Ekain shows an exceptional cave art of the Upper Paleolithic era. These artistic manifestations (paintings and engravings) created by the inhabitants of the cave, 14.000 or 13.000 years ago, appear as a global scale phenomenon. Ekain was declared World Heritage of Humanity in 2008 by UNESCO.

The museum Ekainberri, located 600 m away from the original cave, shows a representation of the most characteristic paintings found in Ekain. About 85% of the total art work is presented in a very realistic way.

Ekainberri offers an extraordinary adventure to the visitor. Once inside the museum, visitors lose consciousness of spatial boundaries, and walk throughout the cave discovering the magnificent paintings and creations.

The Museum

Ekainberri contains one of the most interesting groups of cave art on the Cantabrian coast, not so much for the number of figures it has, but above all for the exceptional artistic quality of many of its paintings, and the good state of conservation of the art and its surroundings inside the cave. Among all the art work shown in Ekainberri there is one that stands out, the big panel of horses, named by André Leroi-Gourhan as the most perfect set of horses around the Quaternary Art.  In addition to horses, there are also other animals such as bisons, deers, and goats.



The paintings of Ekain were made in the Upper Palaeolithic (from 40000 to 10000 years ago), particularly in the last period of it, in the Magdalenian period, from 14000 to 13000 years ago. The humans of this era had our own ways, they were homo sapiens, but their way of life was completely different from today, they were hunters and gatherers, and they knew neither agriculture nor livestock. Therefore, their diet was based on what they collected hunting and fishing, or what they could get directly from the land, such as fruits, roots or herbs.

Ekain is located in a spring hunting ground. At that time the climate was much colder than at the present time, it was the period of glaciations, so the temperature was about 10 ° Celsius below the current temperature, and the Basque mountains taller than 1,500 meters were covered with snow throughout the whole year. In order to protect themselves, humans used caves as shelters.

They used the cave entrance for a living, inhabited the area with most sun and light. The paintings, however, were located inside the cave, which was thought to be more special and sacred. They did not perform their everyday tasks here, they used the inside of the cave for their beliefs and to connect with the spiritual world instead.


All visits to the museum are guided tours. However, the tours will be a bit peculiar as we will walk through the cave in complete silence. The guide will not say anything either, each of you will start experiencing, what it felt like being and living within the cave. Look for paintings, peer with the darkness, listen to the sounds, and start connecting with the cave. Then, we will have the chance to see the paintings one by one and we will give some explanations for better understanding. Thus, we will leave Ekainberri with a better understanding of the Magdalenian period.
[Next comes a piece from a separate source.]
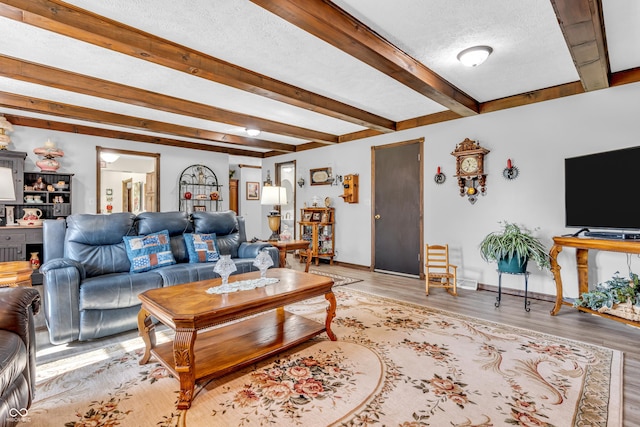2571 Stonybrook Ln, Franklin, IN 46131 - living area with beam ceiling, light wood finished floors, and a textured ceiling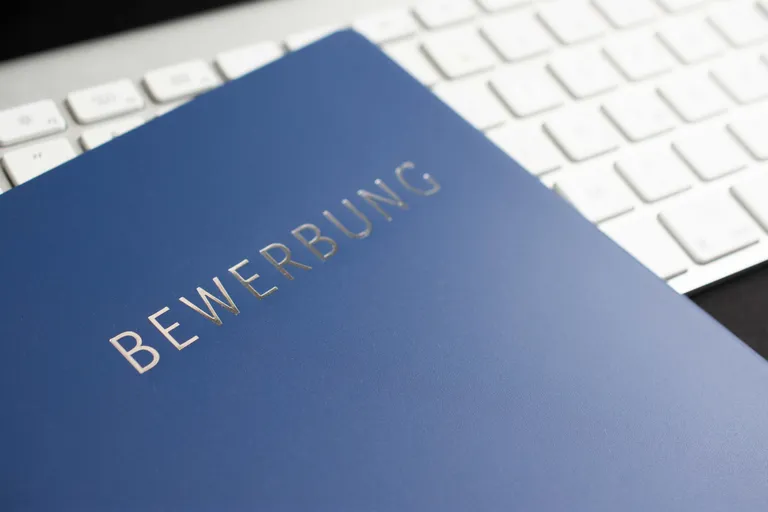 Blaue Bewerbungsmappe mit der Aufschrift Bewerbung liegt vor einer Computertastatur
Move around the valley as Sastarrain living in prehistoric times! Ekainberri allows us to approach the works of art created by our ancient ancestors . However, the visitor may prefer to get into their lifestyle. Experimental archeology gives us the option to rebuild with our own hands the different prehistoric techniques and allows us to test the supposed difficulty surviving during the Paleolithic . With the " Ekain adventure " we can hunt different animals in the hunting circuit adapted to that end , in a wonderful natural environment of the Sastarrain valley . The tour will also allow us to get closer to the flora and fauna of the area.

In the " Ekain adventure " you will also learn to paint and make fire, the way they did in the ancient times. Once the game is over,  you will be given the option to have lunch and taste the typical delicacies of the area.